South Africa: An ideal home for BRICS bank

South Africa was well positioned to become the home of the Brics development bank because of its solid financial legal framework, auditing abilities and concrete international financial connections, Standard Bank joint chief executive Sim Tshabalala said in a panel discussion in Durban yesterday.

Speaking at the curtain raiser hosted by Standard Bank for the fifth Brics summit, Tshabalala said South Africa had what it took to host such a bank. “We have one of the most highly ranked financial systems globally,” he said.

South Africa ranks first out of 144 countries for the strength of its auditing and reporting standards and the efficacy of corporate boards, according to the World Economic Forum’s Global Competitiveness Report 2012-2013. This puts it well ahead of its Brics counterparts, namely Brazil, Russia, India and China.

In terms of the soundness of banks, South Africa comes in second (with Canada in first place), while Brazil is ranked 14, India 38 and Russia 132.

Finance ministers from the five Brics countries were expected to table their country reports on the feasibility of the development bank, media reports said at the weekend. The bank was expected to start with capital of $50 billion (about R465bn), with each country contributing $10 billion.

President Jacob Zuma said in Pretoria yesterday that the major output for the Brics summit would be the establishment of the development bank, which would assist in mobilising resources for infrastructure and sustainable development projects in the Brics bloc and other emerging economies.

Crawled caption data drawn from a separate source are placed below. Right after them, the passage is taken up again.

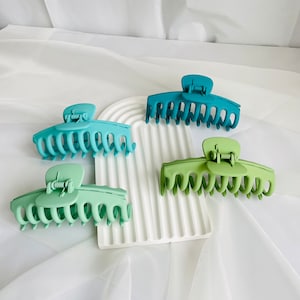 Matte Hair Hair Claw | Hair Accessories, Gifts For Her, Wedding hair comb | Elegant Claw, Bridesmaid gift, Birthday, Valentine’s | Comb claw
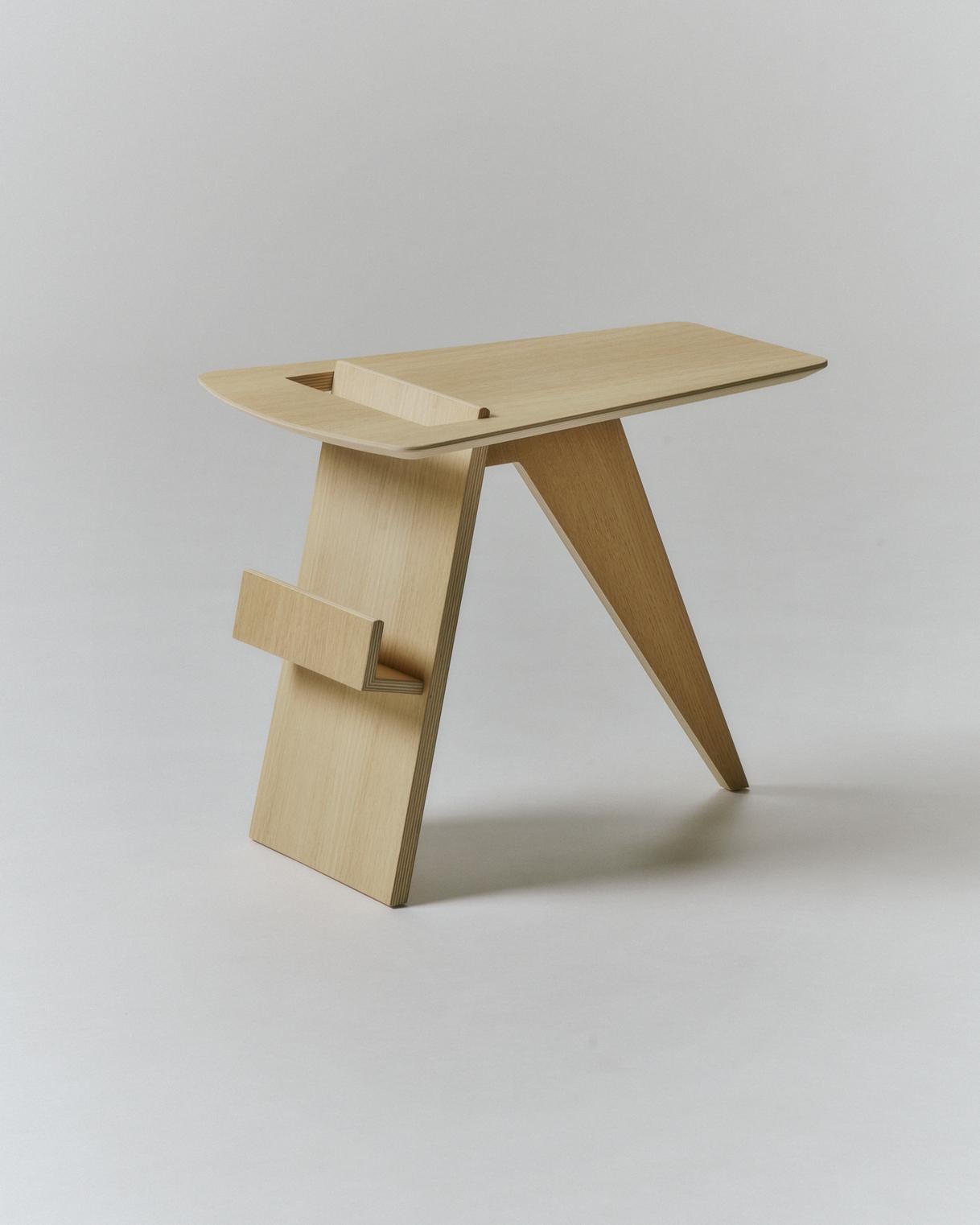 Mesa auxiliar M6500 en roble lacado de Jens Risom para Fredericia en venta 1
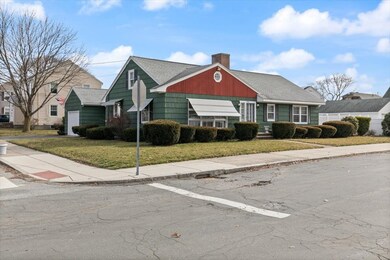 16 Davis St, Lawrence, MA 01843 - photo 4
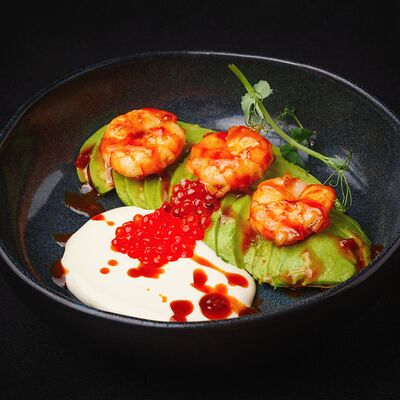 Авокадо с креветками и красной икрой в Кабуки по цене 660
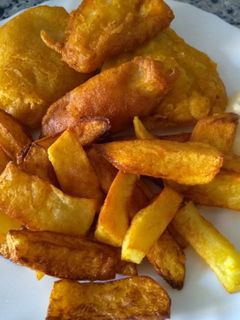 Una foto de Fish and chips (pescado y patatas)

Trade unionists welcomed the idea of a development bank but said it should “primarily be developmental in character”.

In a declaration released yesterday by the second Brics trade union forum in Durban, the trade unionists said: “We envisage the Brics development bank solely owned by Brics, publicly funded, taking all decisions on consensus, promoting trade based on own currencies of its member countries, with a core focus on infrastructure and development in consultation and approval by all stakeholders, inclusive of the community and trade unions.”

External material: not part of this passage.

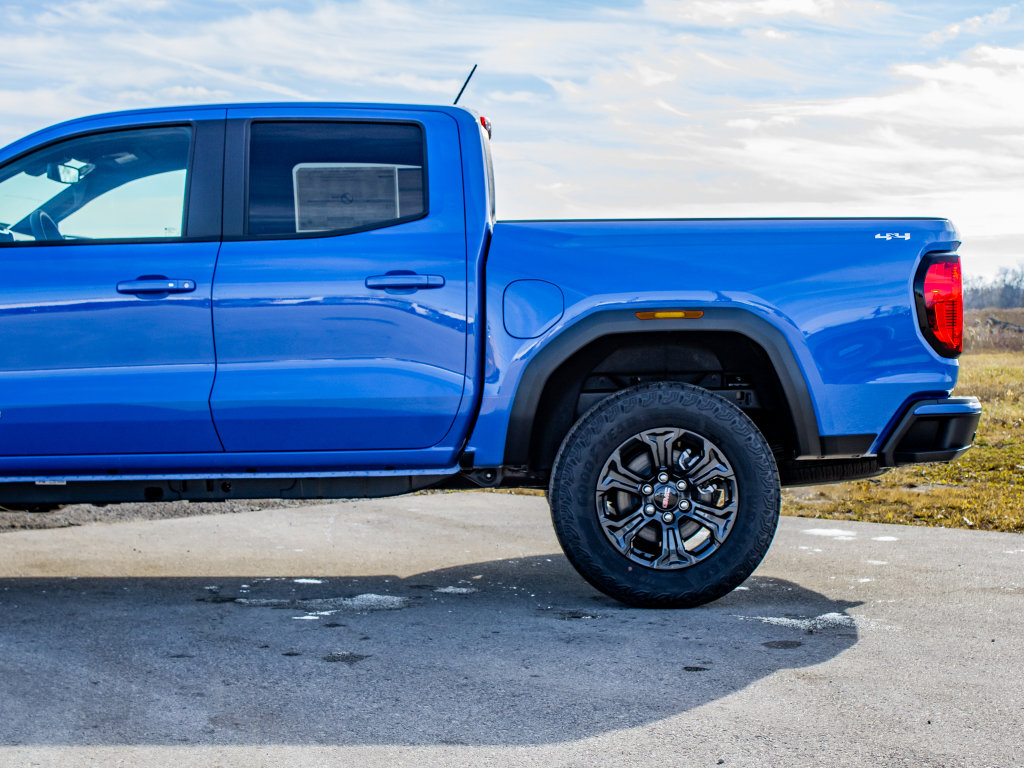 New 2025 GMC Canyon Elevation w/ Convenience Package image 37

They added that unions should be represented at the highest levels.

Tshabalala said Standard Bank was looking forward to discussions and decisions around the development of the institution.

Local banks would get involved only once all policies and the framework had been put in place, he said.

“It is too early for us to deliberate on the actual set-up of this bank,” Tshabalala said.

“We hope that the decision regarding this financial institution would be one of the outcomes of the summit.”

Tshabalala added that although discussions about the bank were at an early stage, its impact on the rand would depend on various issues. These included the structure of the bank’s balance sheet, how it was capitalised and where the bank raised its capital.

“It would also depend on how much South Africa contributes to the bank.”

Tshabalala said policymakers would engage the commercial banks as soon as it was appropriate.

As part of engaging other African leaders, Zuma will host the Brics Leaders Africa Dialogue Forum Retreat.

The retreat will reflect on infrastructure development, as well as integration and industrialisation, which are aligned to Africa’s own priorities, for the mutual benefit of Brics countries and the continent.

Zuma said Brics fitted well with the country’s National Development Plan objectives of raising employment through faster economic growth, improving the quality of education, and skills development.

In 2012, South Africa’s total trade with the other Brics countries was R294bn, which was 11 percent higher than the 2011 figure of R264bn.